"Two cablegrams for you, sir," said the waiter, when I had bidden him come in.
CHAPTER XVIII
A Desperate Remedy
I took the envelopes from the man and told him he might go. Now for it! I thought. Now to see whether the edifice I had builded had but a foundation of sand, or whether Wildred had merely been clever enough to pull wool over the eyes of the police.
My heart was thumping with excitement as I opened the first envelope.
"St. Paul in to-night. First-class passenger on board named Harvey Farnham."
I laid the bit of paper down dazedly and took up the other. It was from the manager of the Fifth Avenue Hotel, in New York. "Mr.

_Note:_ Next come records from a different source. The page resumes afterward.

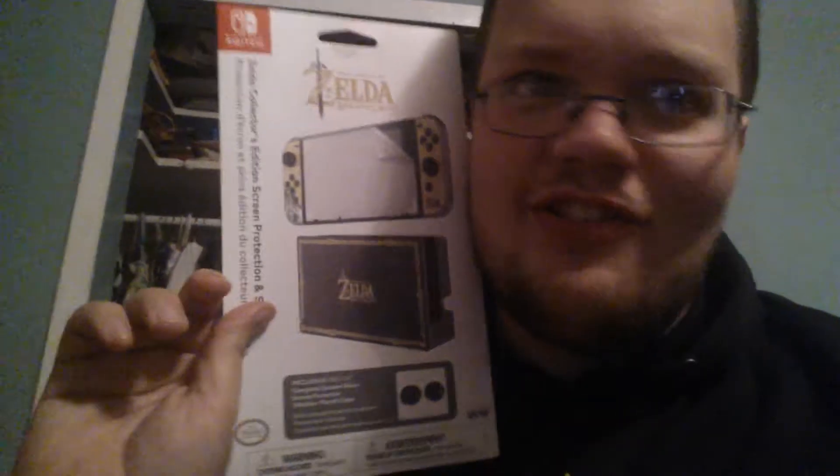Anyways, without further ado, let's see what we got here. We got a carrying case, which we will also unbox in this video. And we got some skins. Here's the meat and potatoes of this entire video — this bad boy right here.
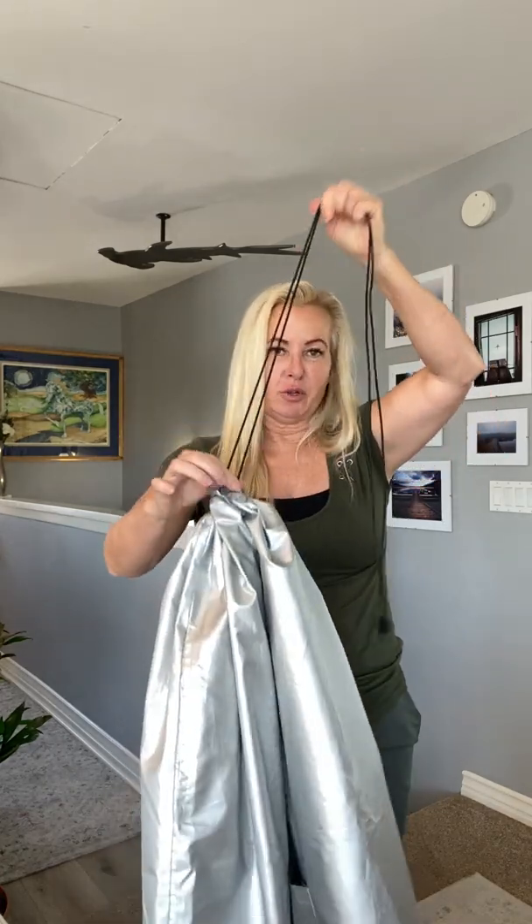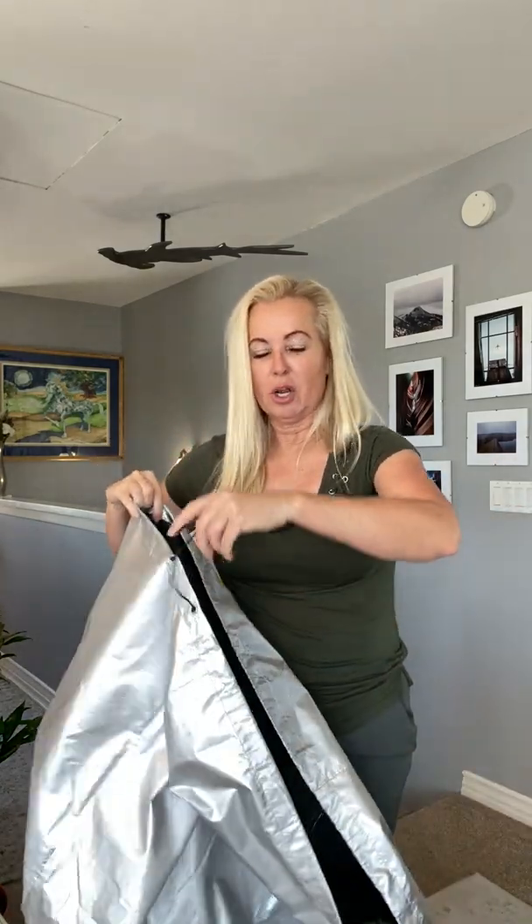The Shower Toga also acts as a bag. If you tighten up one end, you can put items inside your Shower Toga for transport. When you're done filling it up with things you need to transport, you simply tighten up the other end and now you have a bag. You can use your Shower Toga over and over — it will technically give you hundreds and hundreds of uses.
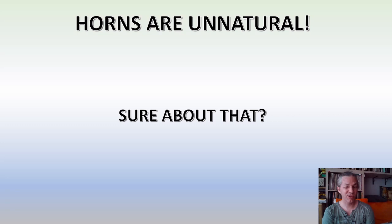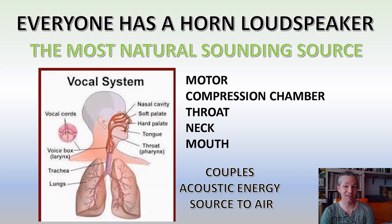People accuse horns of being unnatural sounding. However, there's a huge problem with this statement: horns are actually the most natural sound reproduction systems. Our own vocal system is a horn-based system, and human voice is the most natural sound you can find. If you are an audiophile, reproducing human voice well is the pinnacle of achievement. When we look at how we produce sound, it is entirely analogous to a horn-based loudspeaker.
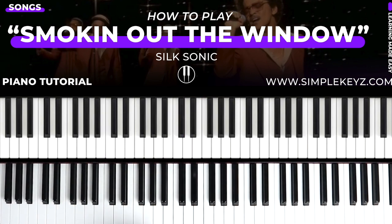Hey guys, what's up? Yahashua here with Simple Keys. Welcome back to another video. In this lesson I'm going to learn how to play Smoking Out the Window by Silk Sonic. This is a brand new release, got a request for it. You guys already know the vibe, so we're about to do a quick tutorial on this. We are in the key of D major for this.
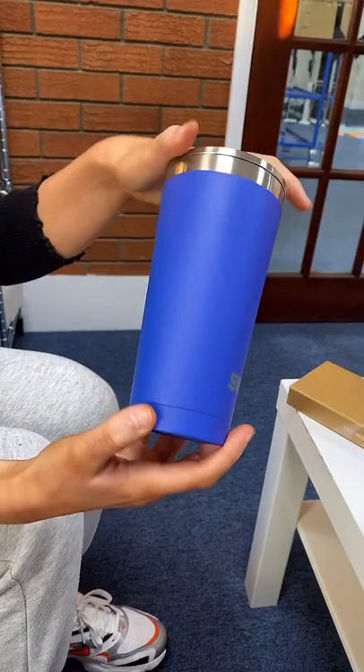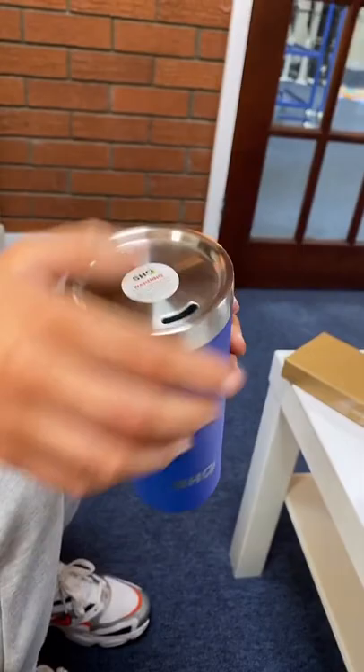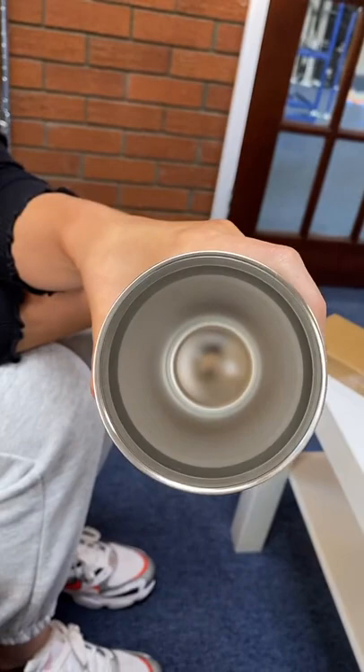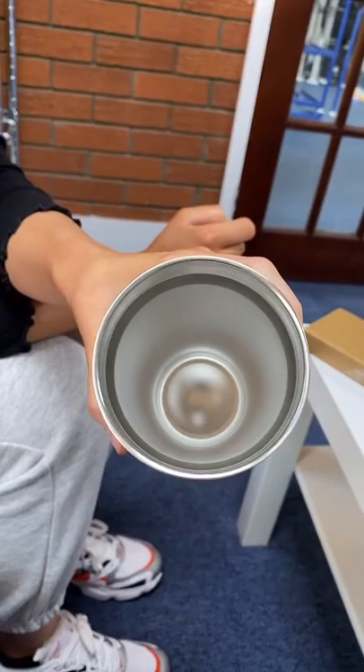This is what it looks like. Here's the lid at the top and then you unscrew that. That's what it looks like. And this is the inside. It will keep your drinks hot for six hours and your drinks cold for 12.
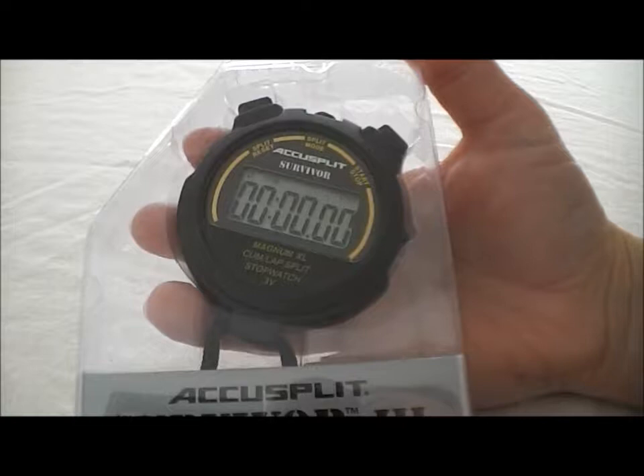Hi, I'm Diane from Stopwatch Central. I'm going to show you the AccuSplit S3CL today. I'm going to let you see how it works, and then come back and talk about its features.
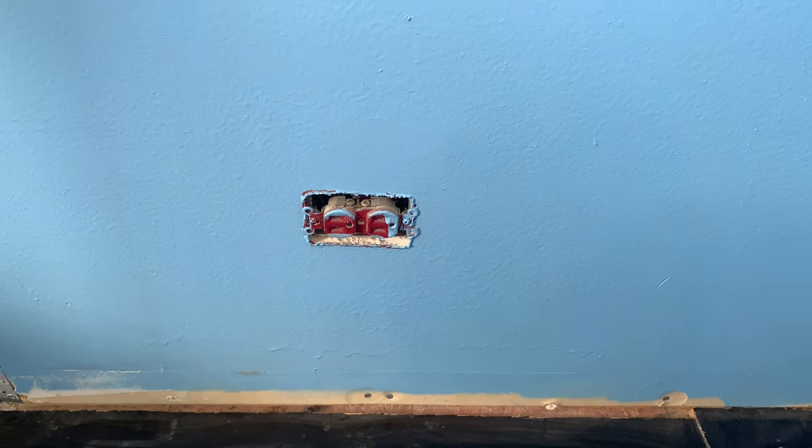Today in my son's room, we're going to be replacing this outlet, adding an outlet up here somewhere, putting in our mount, and adding our TV. Let's get to it.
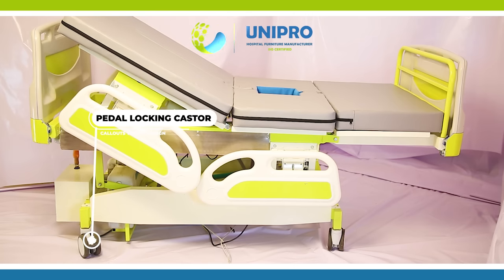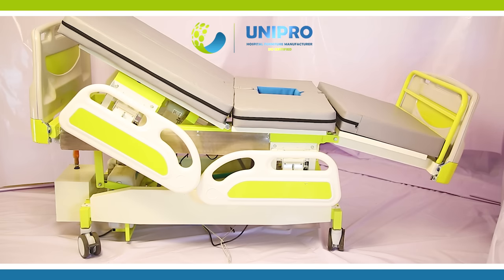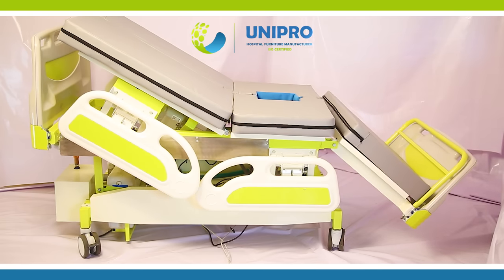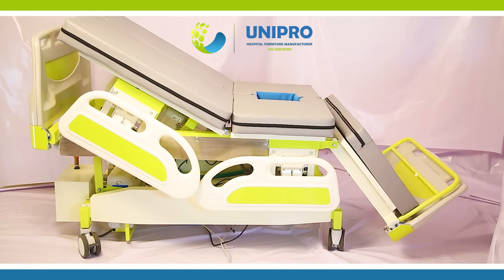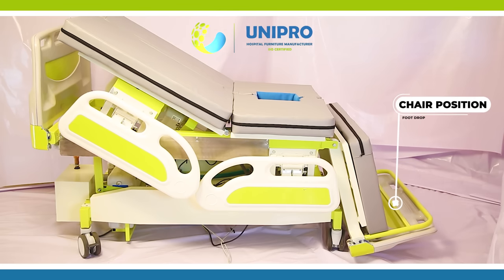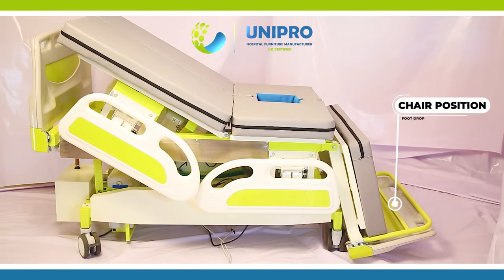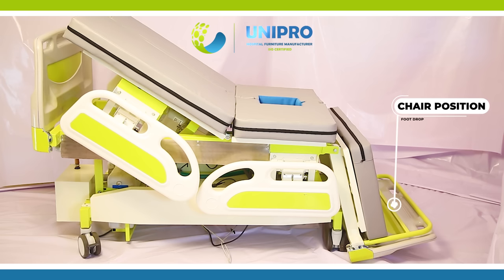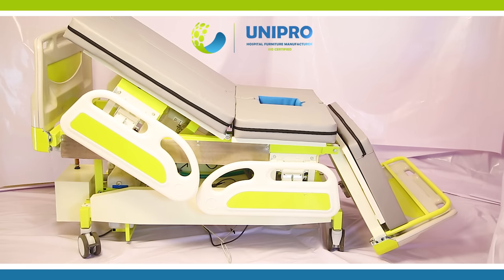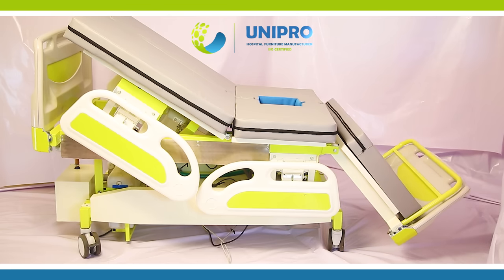Overall Size 214 x 97. Mattress Design as per Model with Density Quality. Product has Warranty 15 Months.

Farnham telegraphed to keep room for him. Is spending day or two with friends."
I did not know what to think. It all sounded straightforward enough, and it was not credible that either the official in the office of the American liners, or the manager of an hotel, could be in collusion with Carson Wildred. Still, I was far from being satisfied.
For the moment I had done all that I could do. If Farnham was stopping with a friend, whose address was unknown to me, I could not at present expect to receive an answer either to my New York or Denver cable. In a day or two the police would hear something from the other side, and meanwhile I must possess my soul in patience.
This was a thing easier said than done, especially as, when aimlessly glancing at a weekly paper in the club next day, I came across a paragraph which gushed in the conventionally nauseous manner over the forthcoming marriage of the beautiful young heiress, Miss Karine Cunningham, and Mr. Carson Wildred, the "well-known millionaire and popular man of Society."